** Data excerpt **
+ + + + +

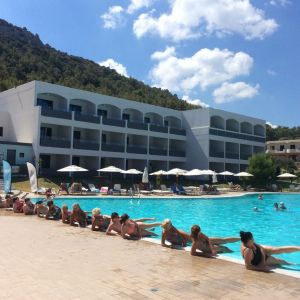 Evita Resort Faliraki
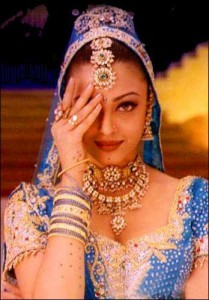 Aishwarya in the Movie (Source: entertainmentfest.com)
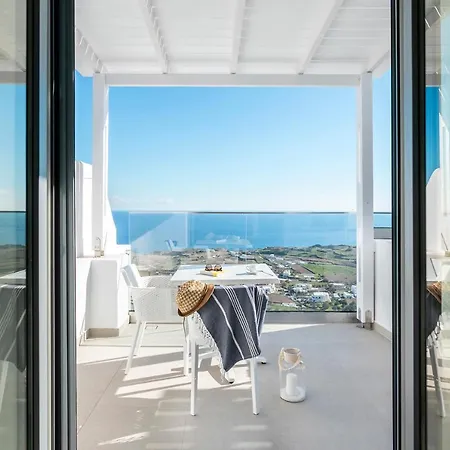 La Estrella 4 With Sea View & 4 Prive Hot Tub Villa *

+ + + + +

Pictures are to be left out; the listing above is otherwise to be copied exactly.

** Written reply **
 Evita Resort Faliraki
 Aishwarya in the Movie (Source: entertainmentfest.com)
 La Estrella 4 With Sea View & 4 Prive Hot Tub Villa *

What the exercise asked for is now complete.